Rui Rio foi um pouco o contrário. Nos debates estava quase sempre a sorrir ou mesmo a rir, até quando era atacado. Quis mostrar bonomia e confiança, nele próprio e no resultado eleitoral. E sendo por vezes acusado de arrogância, adotou uma postura humilde. Ao incentivar ao voto nele, adiantava: «Não por eu ser melhor do que os outros, mas porque sou a única alternativa a António Costa». Nunca foi agressivo. Respeitou as opiniões dos adversários. Com esta postura, perdeu alguns debates – mas projetou a imagem de um homem tranquilo e simpático, no qual se pode confiar. E que não quis vender banha da cobra.

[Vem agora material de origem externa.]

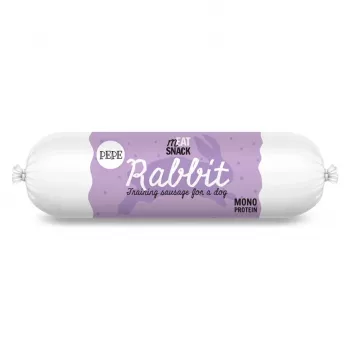 Przysmak dla psa PAKA ZWIERZAKA Pepe Sausage Rabbit 200 g — miękka hipoalergiczna kiełbaska o smaku królika, bez zbóż i glutenu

Quanto aos atores secundários, de André Ventura já falei o suficiente. Quis mostrar que não é igual aos outros. Que não quer deixar tudo como está, quer fazer ruturas, quer verdadeiramente mudar um sistema que (na sua opinião) não nos vai permitir sair da cepa torta. 

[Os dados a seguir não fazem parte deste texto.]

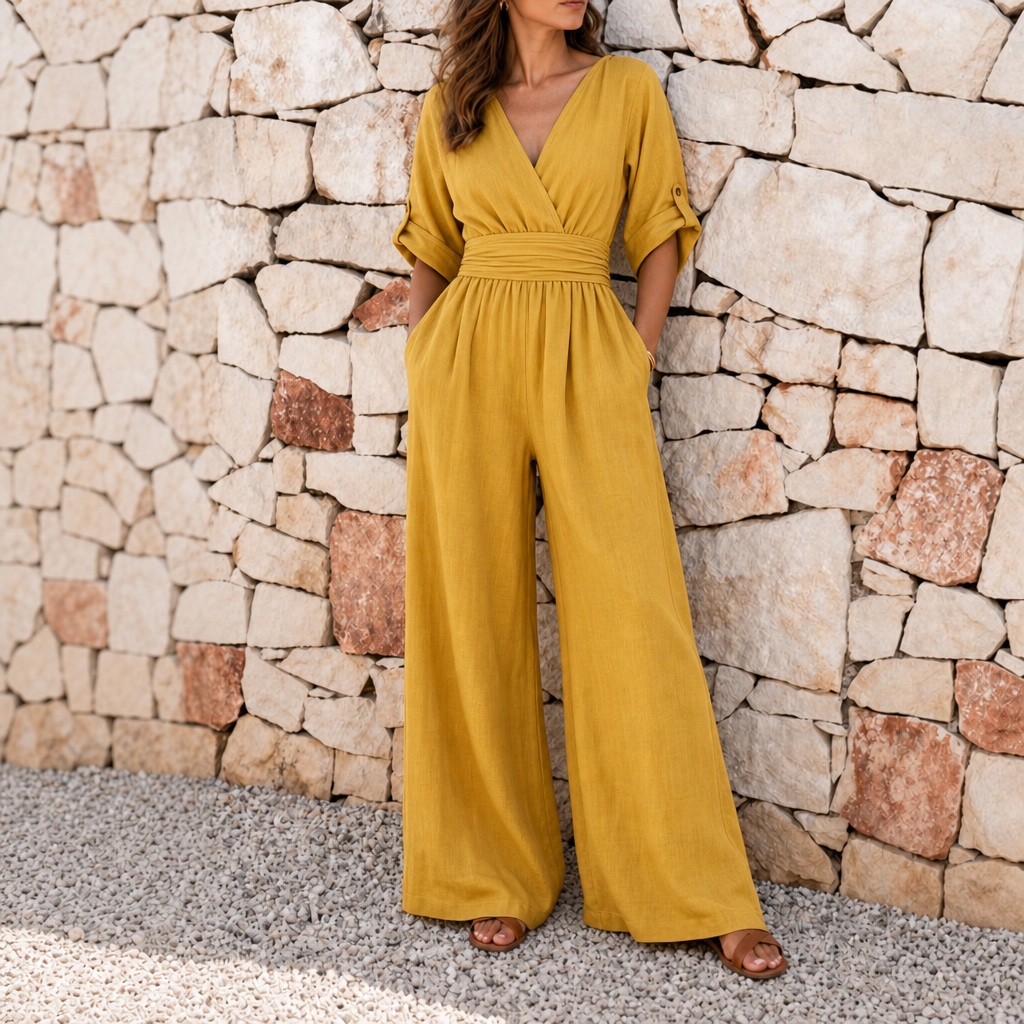 Ceret Cross Front Wide-Leg Jumpsuit in Yellow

Catarina Martins mudou de postura. Apresentou-se mais calma, mais pausada, quase doce. Abandonou a atitude de acusadora pública e apresentou-se numa pose ‘cristã’, citando sem ironia o Papa Francisco. Quererá fazer passar a imagem de que, no futuro, será parte da solução e não parte do problema. Ou seja: deseja estar no Governo.

Cotrim Figueiredo não tem um ar simpático. Não pretende falar para o povo mas para as supostas elites, e a sua postura um tanto altiva reflete isso. Não se parece muito com um político: parece mais um professor a dar uma aula. Foi pedagógico e no geral mostrou-se bem preparado. 

Jerónimo de Sousa, no único debate em que participou, esteve igual a si próprio. Burro velho não aprende línguas. Parece conformado com a realidade: sabe que o partido perderá votos de eleição para eleição, e não vale a pena mudar. Já não tendo muitas ilusões sobre o futuro, salva o que é possível salvar: o PCP cairá mas não trairá a doutrina.

Francisco Rodrigues dos Santos fez jus ao epíteto de Chicão. Calmo, incisivo, agressivo quando era necessário, com alguns trocadilhos bem achados e as ideias bem arrumadas na cabeça, tornou sempre interessantes os debates em que participou. O debate com Ventura foi um grande momento. 

Inês Sousa Real e Rui Tavares estão nesta campanha um pouco para se oferecerem aos outros, a ver se alguém os quer. Género: «Quem quer casar com a Carochinha?». Cumpriram o seu papel de fazer olhinhos àqueles que os podem aceitar – e atacar os outros. 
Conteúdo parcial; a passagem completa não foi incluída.